Department of Neurology, Max Planck Institute for Human Cognitive and Brain Sciences, Stephanstrasse 1a, 04103, Leipzig, Germany,
Exp Brain Res. 2014 Feb;232(2):619-28. doi: 10.1007/s00221-013-3770-3. Epub 2013 Dec 10.
Many studies have demonstrated attenuated verbal working memory (WM) under articulatory suppression. However, performance is not completely abolished, suggesting a less efficient, non-articulatory mechanism for the maintenance of verbal information. The neural causes for the reduced efficiency of such a putative complementary maintenance system have not yet been addressed. The present study was conducted to fill this gap. Subjects performed a Sternberg task (a) under articulatory maintenance at low, high, and supracapacity set sizes and (b) under non-articulatory maintenance at low and high set sizes. With functional magnetic resonance imaging, set-size related increases in activity were compared between subvocal articulatory rehearsal and non-articulatory maintenance. First, the results replicate previous findings showing different networks underlying these two maintenance strategies. Second, activation of all key nodes of the articulatory maintenance network increased with the amount of memorized information, showing no plateau at high set sizes. In contrast, for non-articulatory maintenance, there was evidence for a plateau at high set sizes in all relevant areas of the network. Third, for articulatory maintenance, the non-articulatory maintenance network was additionally recruited at supracapacity set sizes, presumably to assist processing in this highly demanding condition. This is the first demonstration of differential neural bottlenecks for articulatory and non-articulatory maintenance. This study adds to our understanding of the performance differences between these two strategies supporting verbal WM.

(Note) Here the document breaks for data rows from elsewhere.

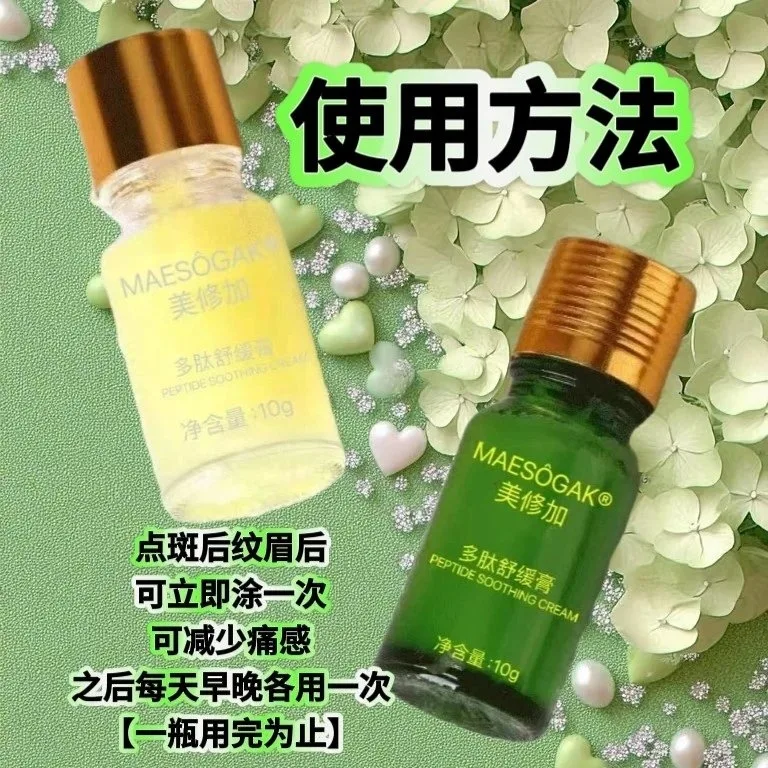 美修加修复因子 图片 6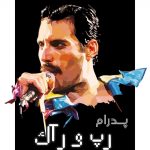 Pedram – Rap O Rock -  رپ و راک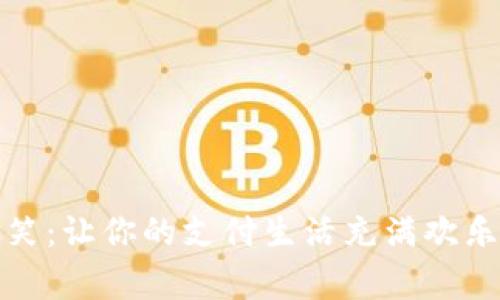 数字钱包搞笑:让你的支付生活充满欢乐的幽默故事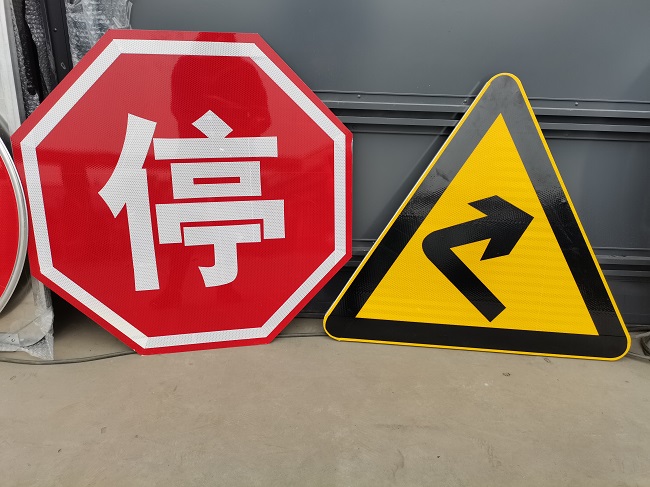 道路交通標志牌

许多研究已经证明,在发音抑制下,言语工作记忆(WM)会减弱。然而,表现并没有完全被抑制,这表明存在一种效率较低的非发音机制来维持言语信息。这种假设的补充维持系统效率降低的神经原因尚未得到解决。本研究旨在填补这一空白。研究对象在低、高和超容量设定大小下进行斯特恩伯格任务(a),并在低和高设定大小下进行非发音维持任务(b)。使用功能磁共振成像,比较了在次发声发音复述和非发音维持之间与设定大小相关的活动增加。首先,结果复制了先前的发现,表明这两种维持策略有不同的网络基础。其次,与记忆信息数量相关的所有发音维持网络关键节点的激活都随着信息量的增加而增加,在高设定大小下没有平台期。相比之下,对于非发音维持,在网络的所有相关区域都有证据表明在高设定大小下存在平台期。第三,对于发音维持,在超容量设定大小下,非发音维持网络也被招募,这可能是为了在这个要求极高的条件下协助处理。这是首次证明发音和非发音维持之间存在神经瓶颈的差异。本研究有助于我们理解这两种策略在支持言语 WM 方面的表现差异。